The biggest story in sports this season is officiating. The people who are in the center of every game have actually taken center stage. At their best, officials are unnoticed throughout a game. The best result is the officials don’t play into the result. But now, certainly with the advent of instant replay and the integrity of officiating being called into question, playing ump is a national pastime.
The infield fly rule call against the Atlanta Braves in the bottom of the 8th is as bad and infamous a call as any the replacement officials were involved in excepting calls involving player safety.

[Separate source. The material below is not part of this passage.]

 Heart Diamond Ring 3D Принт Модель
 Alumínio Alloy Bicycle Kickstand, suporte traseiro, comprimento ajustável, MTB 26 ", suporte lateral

The MNF call against the Packers literally decided the game, but that was one game of 16. This call was in a 1 game, sudden death wild card matchup. It didn’t literally end the game as the Braves still had plenty of chances, but it might as well have.
Not since Jim Joyce flat out missed the call at first base, ruining Armando Gallarraga’s perfect game has an ump blown it so overtly. But that was not on this dramatic stage, and it affected one guy. It ruined his career for all intensive purposes, but the damage this call could do to so many players, coaches, staff, and fans is much farther reaching.
In light of the replacement refs and the infield fly rule, the importance of officials has never been clearer, both in their necessity and their sway over the outcome.
There are obvious problems with the call, even thought the company line post game was to back up umpire Sam Holbrook. The official MLB rule states that the ball must be “caught by an infielder with ordinary effort,“ which is the main point Fredi Gonzalez protested, but additionally “When it seems apparent that a batted ball will become an Infield Fly, the umpire shall IMMEDIATELY declare ‘Infield Fly’”.
1.) Sam Holbrook’s hand went up so late
— But if it “seems apparent” to him it will be an Infield Fly very late, the rule protects him as an ump.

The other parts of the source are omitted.